Dr Haldane also taught on Islamic Arts as part of the Graduate Programme in Islamic Studies and Humanities and was a mentor and advisor to many students at the IIS. During the Institute’s Worlds of Learning Campaign (2000-2001), he accompanied an extensive exhibition and delivered talks on The Institute of Ismaili Studies’ collection in Los Angeles, San Jose, Chicago, Miami, Paris, Nottingham and London.
In 2003, as part of the Institute’s 25th Anniversary colloquium “Word of God; Art of Man” at the Ismaili Centre, London, Dr Haldane presented a paper entitled “Arts of the Celestial Pen: Qur’ans from the Library of The Institute of Ismaili Studies”. Proceedings of this conference are to be published and will include this paper. Dr Haldane participated in several international conferences, published articles in various art journals, and lectured in Islamic art in several institutions.
Dr Haldane graduated from the University of Edinburgh where he studied Arabic and was awarded his doctorate in 1973. His doctoral thesis was subsequently published as a monograph entitled “Mamluk Painting”.
He held a number of varied roles: he worked for the BBC’s Arabic Service and subsequently as their Middle East Representative, based in Cairo. He spent 9 years at the Victoria and Albert Museum where he worked as the Deputy Keeper of the National Art Library and had specific responsibility for all Islamic book materials and Library exhibitions.
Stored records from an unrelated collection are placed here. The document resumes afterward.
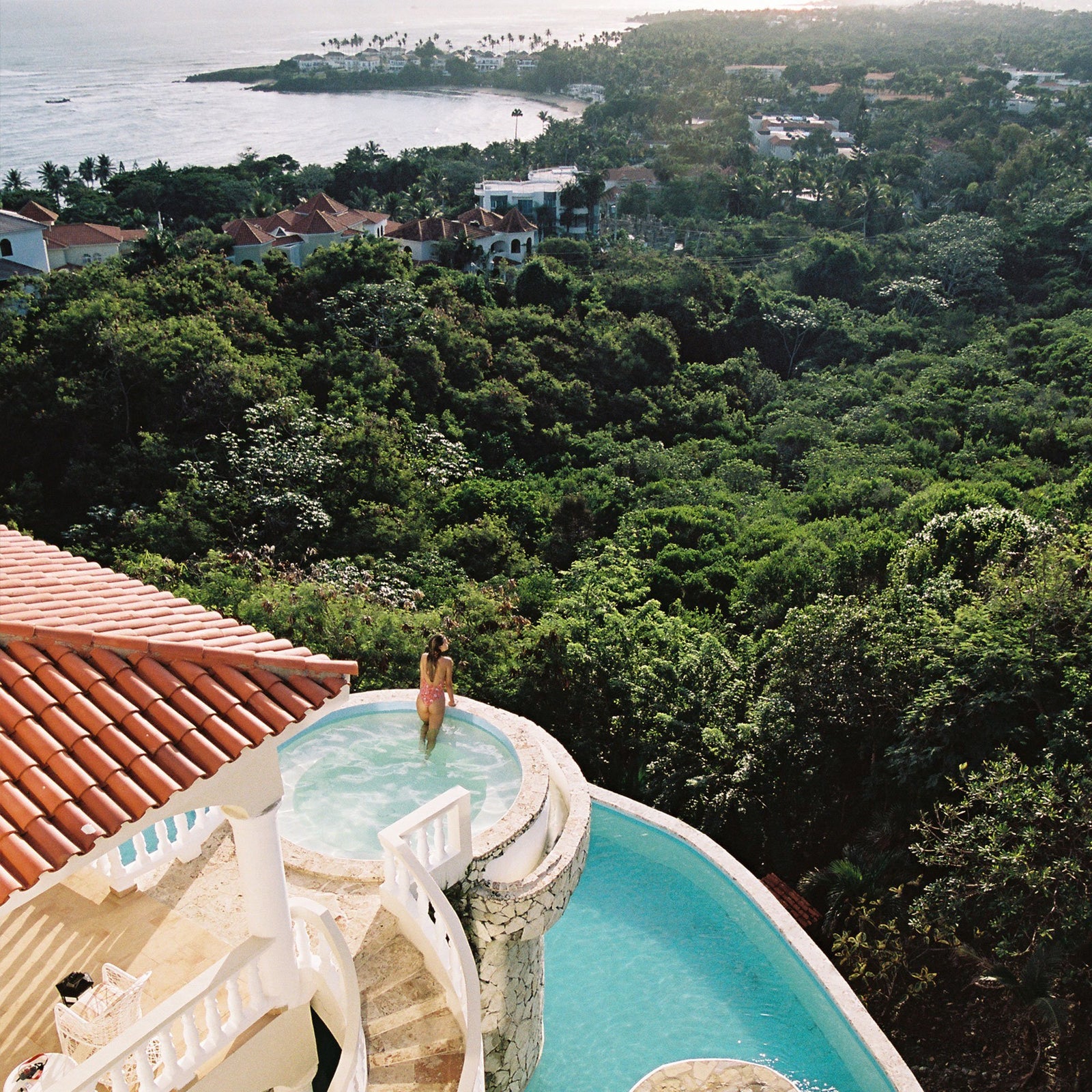 ESCAPE TO THE CARIBBEAN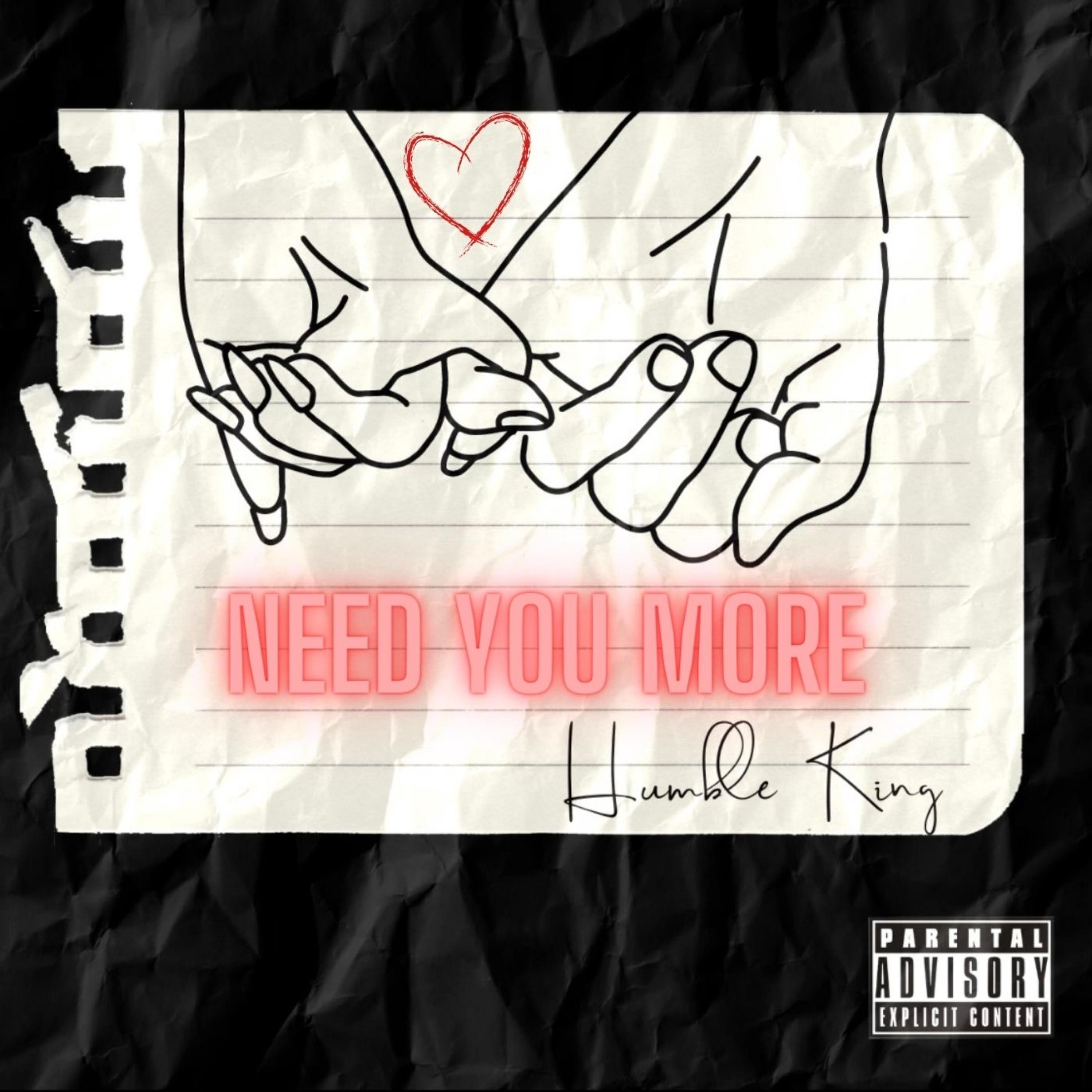 Need You More artwork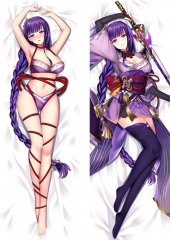 Genshin Impact Baal Make Your Own Waifu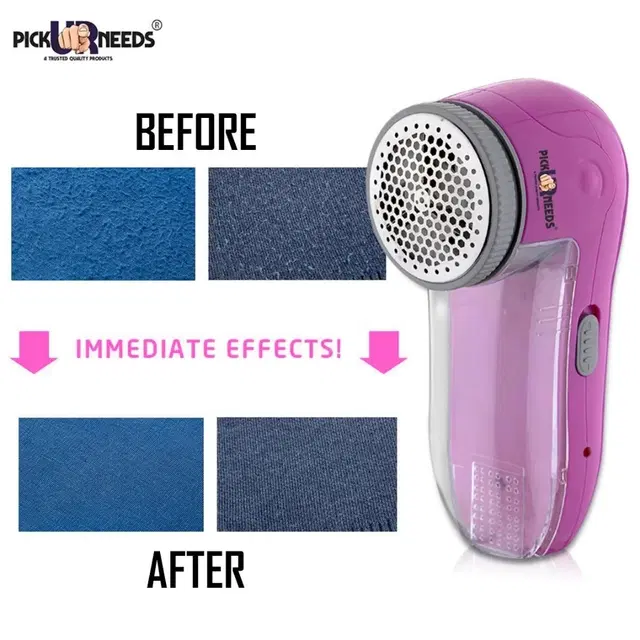 Lint Remover For Clothes ,Multicolour,(Pack Of 1)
His book, Islamic Book bindings in the Victoria and Albert Museum was published by the World of Islam Festival Trust in association with the Victoria and Albert Museum in 1983.
Dr Haldane also worked at the University of Surrey, Roehampton for three years and was the Conference Organiser for “Art and the Visually Impaired” in 1995. He was a visiting Senior Research Fellow at the University of Exeter’s Department of Islamic studies from 1995 to 1998. He was a member of the Middle East Libraries Committee (MELCOM, UK) and of the South Asia Archive and Library Group. In 2005, Dr Haldane joined the Altajir Trust.